:: WHAT NEEDS TO BE DONE ::
Using the data below, print exactly the line with "Purses Aesthetic, Tas", the line with "Köp en modern", and every line between them, but none of the pictures.

:: DATA FOR THIS EXERCISE ::
↓↓↓
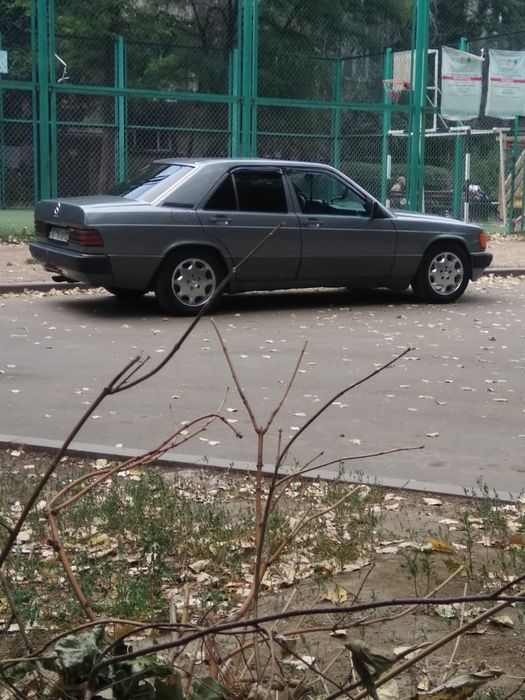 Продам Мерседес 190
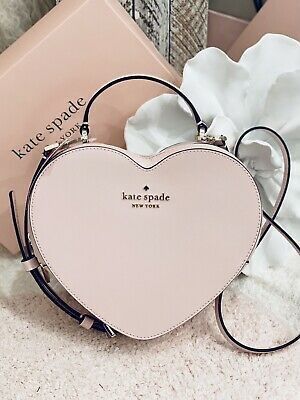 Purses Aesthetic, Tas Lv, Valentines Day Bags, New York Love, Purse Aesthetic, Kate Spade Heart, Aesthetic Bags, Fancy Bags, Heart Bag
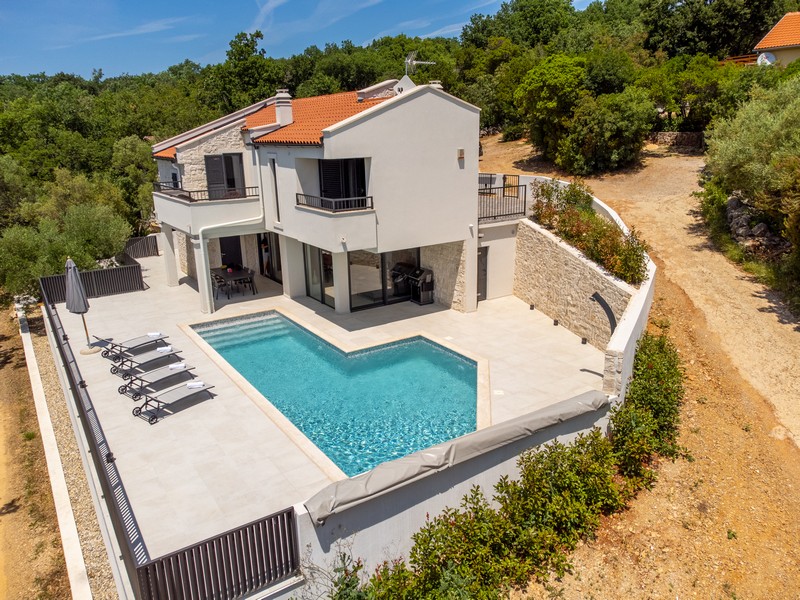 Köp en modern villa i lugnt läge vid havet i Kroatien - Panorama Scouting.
↑↑↑
↓↓↓
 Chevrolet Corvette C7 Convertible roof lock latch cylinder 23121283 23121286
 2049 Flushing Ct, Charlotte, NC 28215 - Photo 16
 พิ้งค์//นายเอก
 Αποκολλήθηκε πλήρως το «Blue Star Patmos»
↑↑↑
:: RESULT BELOW ::
 Purses Aesthetic, Tas Lv, Valentines Day Bags, New York Love, Purse Aesthetic, Kate Spade Heart, Aesthetic Bags, Fancy Bags, Heart Bag
 Köp en modern villa i lugnt läge vid havet i Kroatien - Panorama Scouting.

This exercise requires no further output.